WHAT NEEDS TO BE DONE »
Instruction for the data below: set down exactly the lines from the line with "3115 Sable Oaks" to the line with "白色棉被搭灰色枕頭，被套上有WESTY品牌浮水印", inclusive, and no others.

RECORD EXTRACTS »
____________
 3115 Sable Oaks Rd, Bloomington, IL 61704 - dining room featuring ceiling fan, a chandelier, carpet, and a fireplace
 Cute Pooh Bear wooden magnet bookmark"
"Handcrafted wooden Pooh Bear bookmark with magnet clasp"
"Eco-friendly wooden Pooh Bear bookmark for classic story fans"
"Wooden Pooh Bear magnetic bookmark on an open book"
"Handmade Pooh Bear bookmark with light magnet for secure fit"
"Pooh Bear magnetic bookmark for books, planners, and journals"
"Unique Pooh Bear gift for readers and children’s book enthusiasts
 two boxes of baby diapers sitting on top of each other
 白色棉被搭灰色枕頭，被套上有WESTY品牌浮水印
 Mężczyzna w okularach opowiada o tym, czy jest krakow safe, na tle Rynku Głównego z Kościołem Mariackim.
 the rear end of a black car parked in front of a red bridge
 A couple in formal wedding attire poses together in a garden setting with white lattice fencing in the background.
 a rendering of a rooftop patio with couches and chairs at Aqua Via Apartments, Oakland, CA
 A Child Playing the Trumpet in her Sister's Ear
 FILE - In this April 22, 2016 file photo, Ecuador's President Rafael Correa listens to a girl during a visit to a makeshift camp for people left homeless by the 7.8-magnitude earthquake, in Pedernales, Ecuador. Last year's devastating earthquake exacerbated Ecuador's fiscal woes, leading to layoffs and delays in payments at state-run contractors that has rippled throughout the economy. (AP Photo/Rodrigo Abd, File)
____________
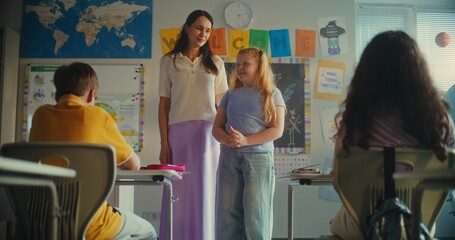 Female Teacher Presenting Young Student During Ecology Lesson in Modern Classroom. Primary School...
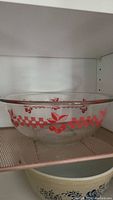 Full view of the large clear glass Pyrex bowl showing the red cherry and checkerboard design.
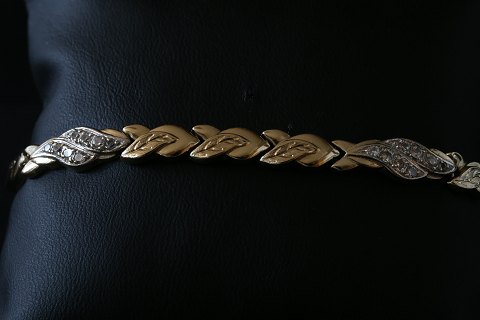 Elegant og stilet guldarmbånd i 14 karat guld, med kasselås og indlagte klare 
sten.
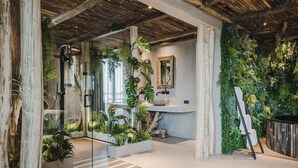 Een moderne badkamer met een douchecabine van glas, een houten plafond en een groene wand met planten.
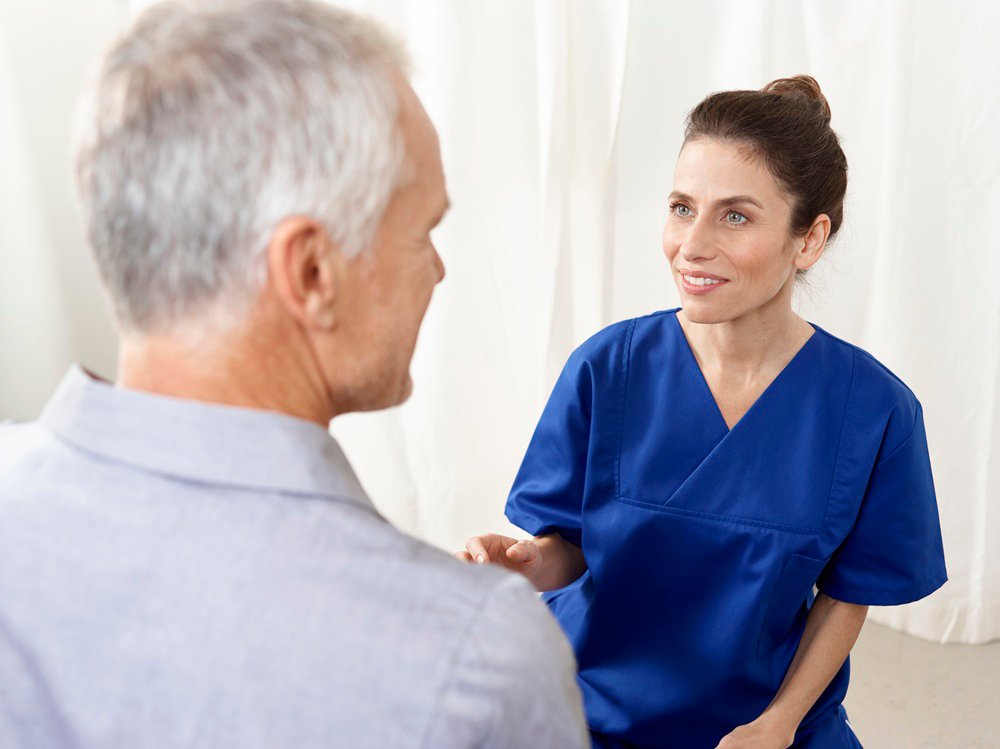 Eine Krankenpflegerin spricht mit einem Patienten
____________
RESPONSE BELOW »
 3115 Sable Oaks Rd, Bloomington, IL 61704 - dining room featuring ceiling fan, a chandelier, carpet, and a fireplace
 Cute Pooh Bear wooden magnet bookmark"
"Handcrafted wooden Pooh Bear bookmark with magnet clasp"
"Eco-friendly wooden Pooh Bear bookmark for classic story fans"
"Wooden Pooh Bear magnetic bookmark on an open book"
"Handmade Pooh Bear bookmark with light magnet for secure fit"
"Pooh Bear magnetic bookmark for books, planners, and journals"
"Unique Pooh Bear gift for readers and children’s book enthusiasts
 two boxes of baby diapers sitting on top of each other
 白色棉被搭灰色枕頭，被套上有WESTY品牌浮水印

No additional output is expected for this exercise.